8. Customer undertakings

The Customer undertakes that:
a) The Shipment will be accepted at the relevant delivery point and an appropriate receipt therefore will be given to the Company's representative escorting such Shipment. Such receipt shall be conclusive evidence of delivery save where such receipt is obtained as a result of any fraud, collusion or dishonesty on the part of the Company's representative.
b) In the event of a strike of employees of the Customer or of employees at the relevant collection or delivery points the Company's servants or agents will not be asked to perform any additional duties or any duties of a strike-breaking nature.

9. Miscellaneous provisions

a) Unless specifically agreed to the contrary, "working days" do not include Saturdays, Sundays, or Public Holidays
b) No reduction of charges will be made if the Company receives less than the number of parcels for which the customer has contracted.
c) Consignments travelling more than 250 miles may be subject to delay.

10. Nature of Agreement

These Terms and the CMR Regulations, the Warsaw Convention and / or Montreal Convention (if applicable) together with the operational details of the services and the charges therefor:
(a) Shall constitute the entire contract between the Company and the Customer and shall not incorporate or be Deemed to incorporate the provisions of any other document.
(b) Shall supersede the provisions of any previous contract warranty or representation made or given relating to the same services as are described in the contract incorporating these Terms.

11. Variation, etc.

No variation, extension or cancellation of these Terms shall be binding upon the Company unless and until it is confirmed in writing under the hand of a Director of the Company and, for the avoidance of doubt, it is declared that no person other than such Director has authority to negotiate or enter into any commitment on behalf of the Company the effect of which would or might (but for this present clause) involve the Company in any legal liability whatsoever.

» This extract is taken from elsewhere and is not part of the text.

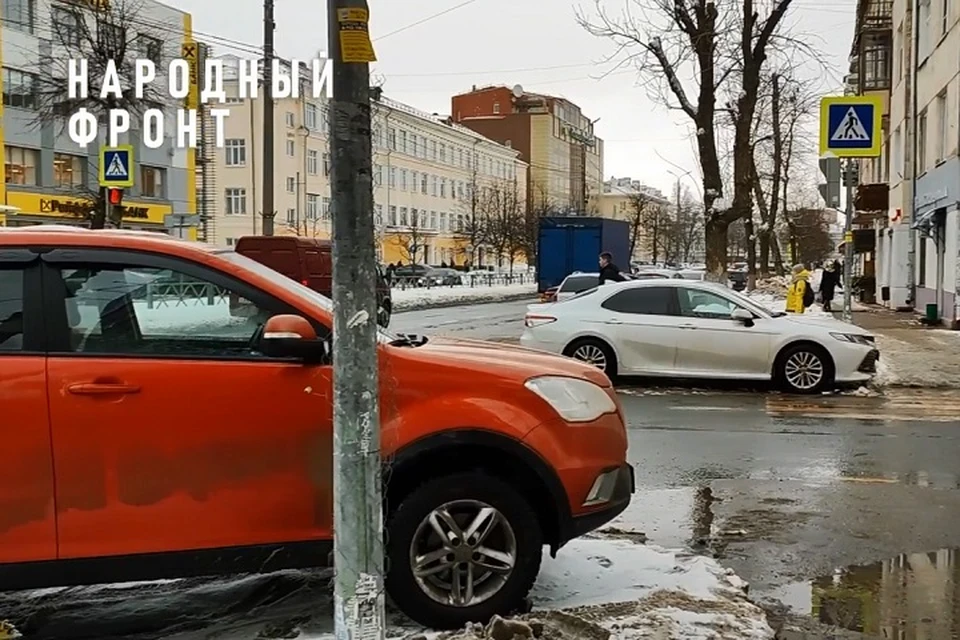 Неправильно припаркованные автомобили создают опасность. Скриншот с видео, ОНФ по Ярославской области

Any contract incorporating these Terms may be determined by either party forthwith if the other party shall commit any breach of its obligations thereunder or (being an individual) shall commit an act of bankruptcy or (being a Corporation) shall go into liquidation other than for the purposes of reconstruction of amalgamation, or shall suffer the appointment of an administrator or a receiver of any of his or its property or income or make any deed or arrangement with or composition for the benefit of any of his or its creditors.

13. Applicable Law

These Terms shall be construed in accordance with the laws of Jersey & England and the Courts of Jersey & England shall have exclusive jurisdiction in relation to any matters arising out of a contract incorporating these Terms.